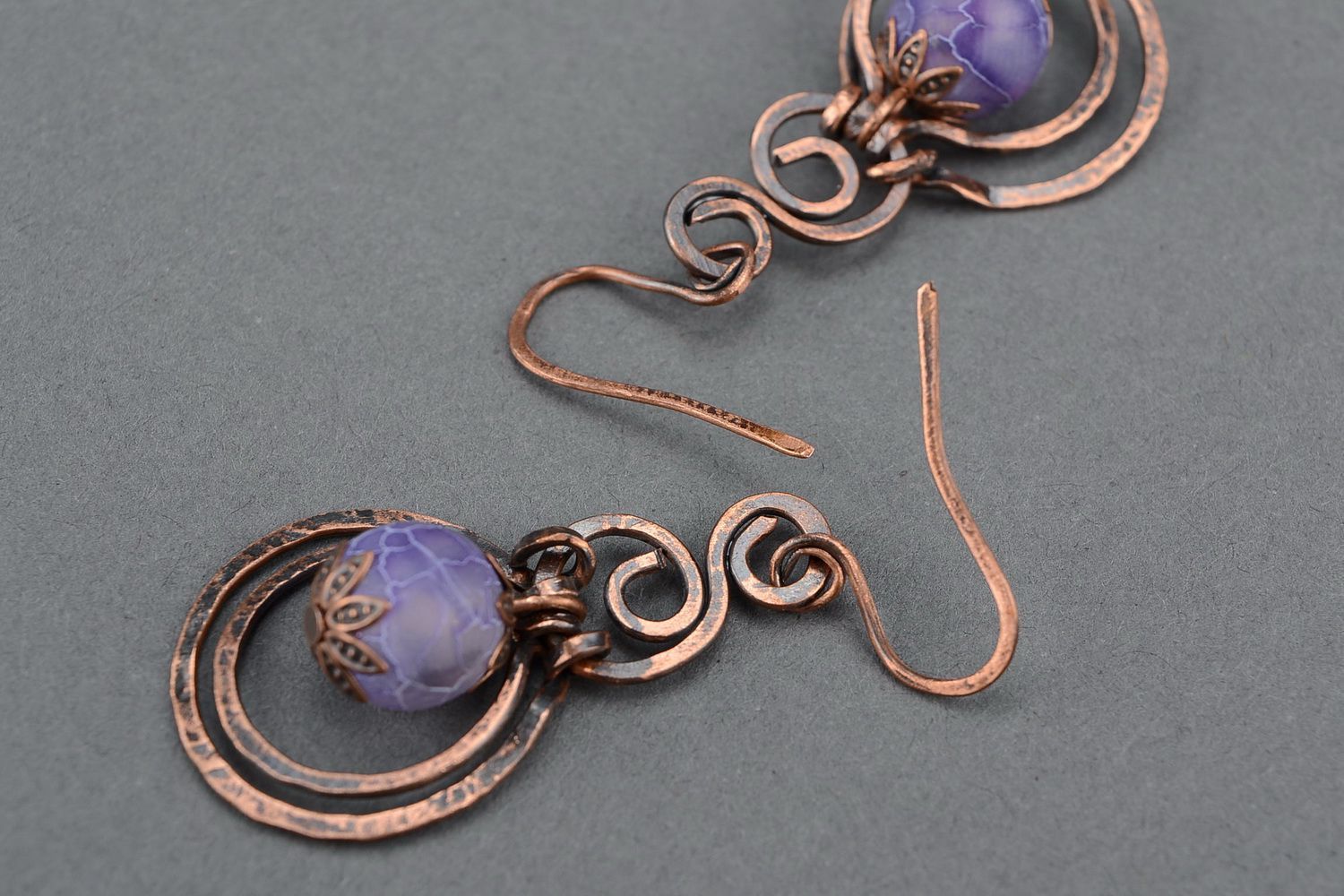 Copper earrings with agate photo 4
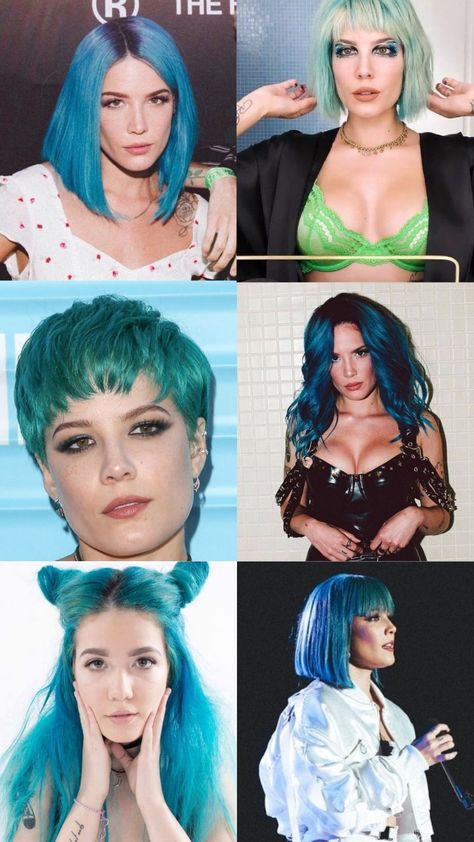 Halsey Green Hair, Halsey Hair Colors, Halsey Blue Hair, Halsey Blue, Halsey Profile, Venus Outfits, Halsey Hair, Fantasy Hair Color, Dark Blue Hair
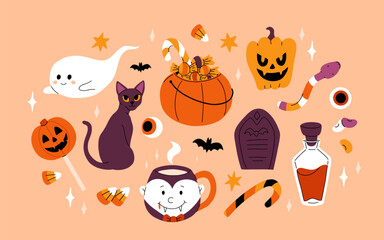 Wall Mural - Cute kids Halloween set. Happy pumpkin, zombie hand, cute ghost, skull cupcake candy and witch potion. October holiday stickers, design elements bundle. Isolated flat vector illustrations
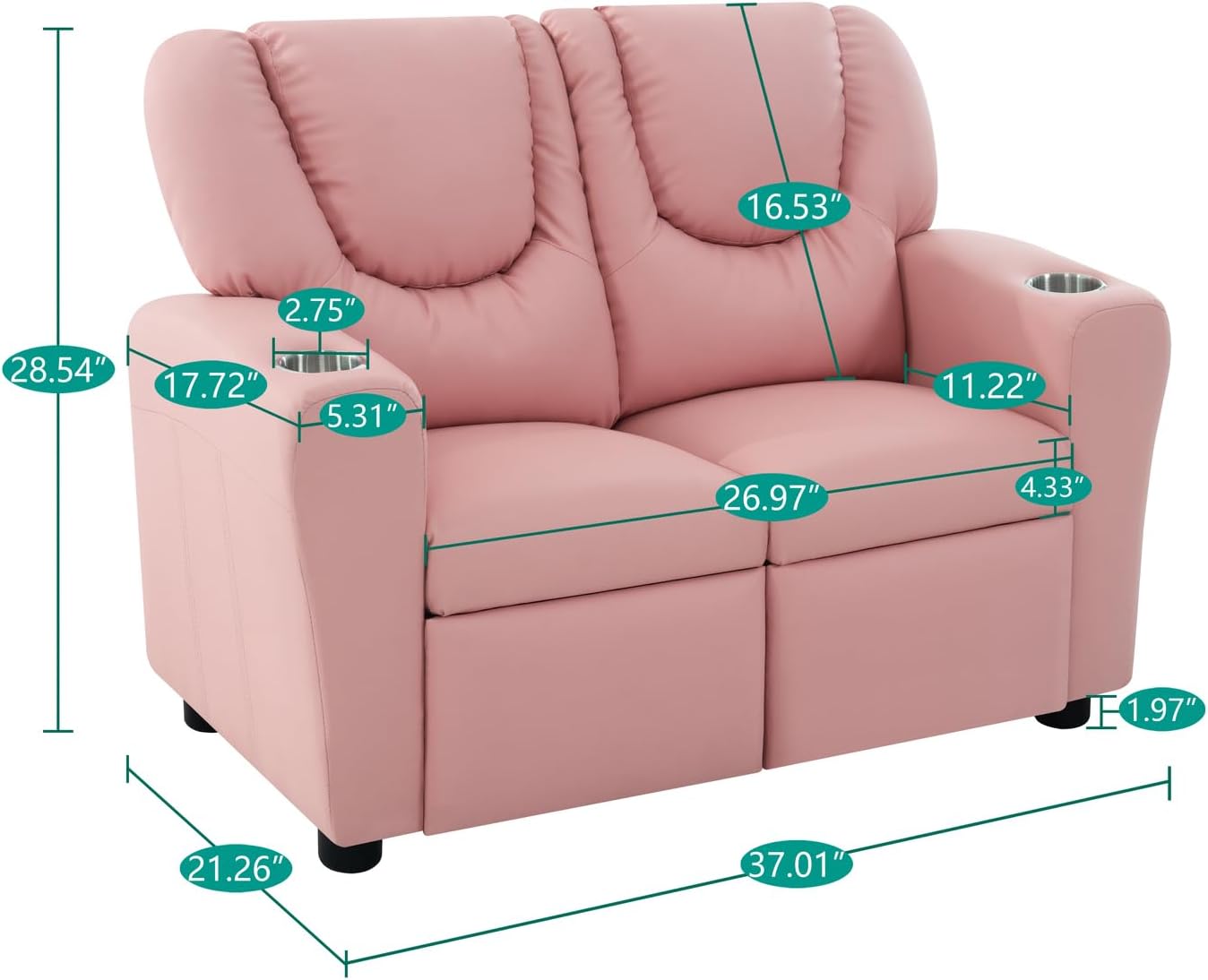HomeStock Suri Tufted Loveseat Pink/Loveseat/PVC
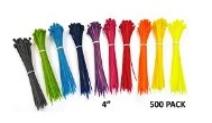 500 zip ties / cable ties in rainbow colors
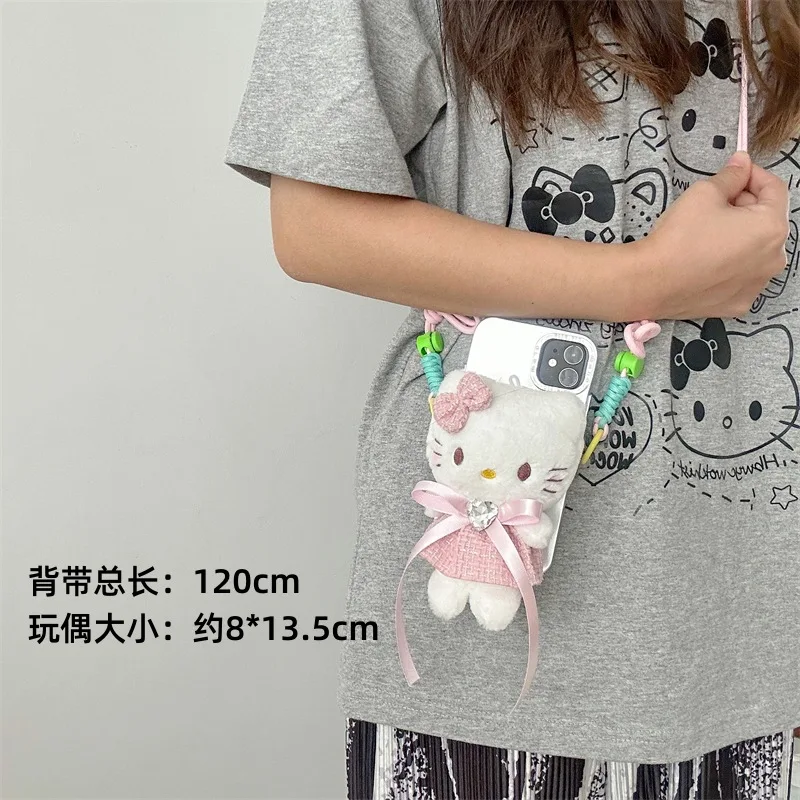 2023 neue Sanrio Hallo Kitty Plüsch Puppe Anhänger ins Stil niedlichen Mädchen rosa Kleid Schlüssel bund Anhänger Telefon zurück Clip Kinder geschenke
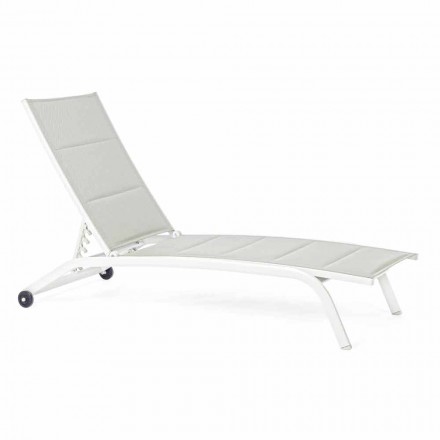 Outdoor Chaise Longue in Textilene and Aluminum with Wheels, 4 Pieces - Babilonia Viadurini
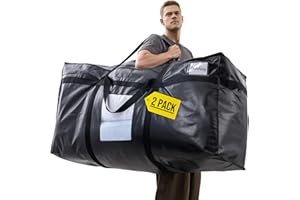 TAILI 69 Gallon Extra Large Storage Bags, XXL Black Heavy Duty Moving Bags for Storage with Visible Window, Wrap Around Handl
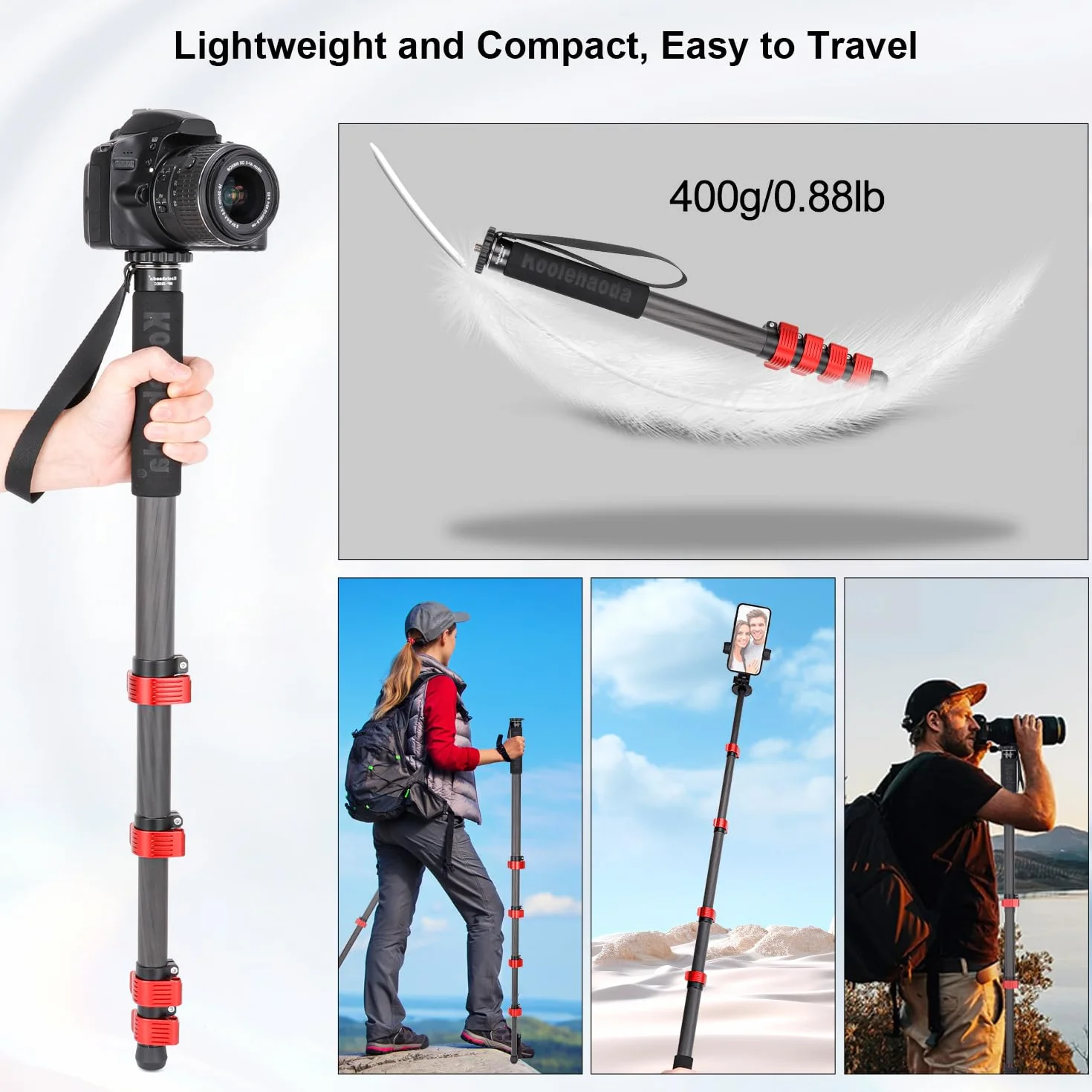 Koolehaoda Carbon Fiber Camera Monopod 28mm Tube 5-Section 166cm Unipod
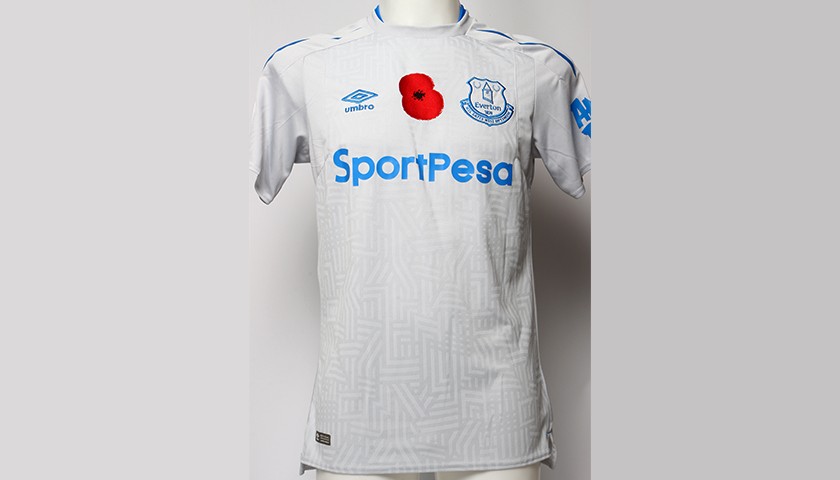 Issued Poppy Away Game Shirt Signed by Everton FC's Idrissa Gana Gueye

——

Pictures are not part of the copy. Extract exactly the lines from the line containing "2023 neue Sanrio" through the final line of the entries above, both included.

== Result of this task ==
 2023 neue Sanrio Hallo Kitty Plüsch Puppe Anhänger ins Stil niedlichen Mädchen rosa Kleid Schlüssel bund Anhänger Telefon zurück Clip Kinder geschenke
 Outdoor Chaise Longue in Textilene and Aluminum with Wheels, 4 Pieces - Babilonia Viadurini
 TAILI 69 Gallon Extra Large Storage Bags, XXL Black Heavy Duty Moving Bags for Storage with Visible Window, Wrap Around Handl
 Koolehaoda Carbon Fiber Camera Monopod 28mm Tube 5-Section 166cm Unipod
 Issued Poppy Away Game Shirt Signed by Everton FC's Idrissa Gana Gueye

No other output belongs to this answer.